Avant de jouer le guide touristique pour un couple d'américains rencontré par hasard, déniché d'occasion pour quelques euros Messe basse (carnets 1990-1992) d'André Blanchard. Blanchard qui publie, avec une bonne fortune critique, ses carnets intimes depuis 1989 peut-être considéré comme une sorte de contrebandier ou comme ce que les américains appellent un maverick : animal à l'écart du troupeau et non marqué. Messe basse tourne pour beaucoup (trop peut-être) autour des tergiversations de l'auteur quant à la publication du recueil De littérature et d’eau fraîche (1988-1989) : le goût de la clandestinité contrarié par la nécessité pour un écrivain d'être publié - Cette façon de ne pas savoir ce que je veux, m'éreinte - et ne parlons pas de savoir ce que je vaux... Je ne suis jamais d'accord avec le parti auquel je me range après d'épiques séances de danse d'un pied sur l'autre.

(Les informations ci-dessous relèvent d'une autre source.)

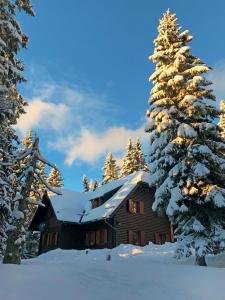 Apartma Apartmajska hi&scaron;a Mu&scaron;trinka Cerklje na Gorenjskem Slovenija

Mais arrivons en aux faits. Page 237, après que l'auteur a précisé que sa mère considérait la littérature comme une façon de péter plus haut que ses fesses, un précédent lecteur a pris la peine d'annoter dans la marge le livre dans les termes suivants : Que son cul ! C'est tout lui le cul entre deux chaises, deux styles, deux projets et même plus de deux. Ca a son charme mais ça fait aussi une oeuvre décevante. C'est ici que mon imagination s'est mise à voguer. Ce lecteur, était-ce faute places ou par besoin d'argent, avait, malgré son charme, finalement revendu le livre à Gibert jaune. Je me le représentais parcourant sa bibliothèque, passant en revue les ouvrages qui la composaient, feuilletant le Blanchard et au bout du compte se décidant : et dire que j'ai passé trois heures de ma vie avec un type qui n'était pas mon genre. Rien que pour cela je garderai cet exemplaire.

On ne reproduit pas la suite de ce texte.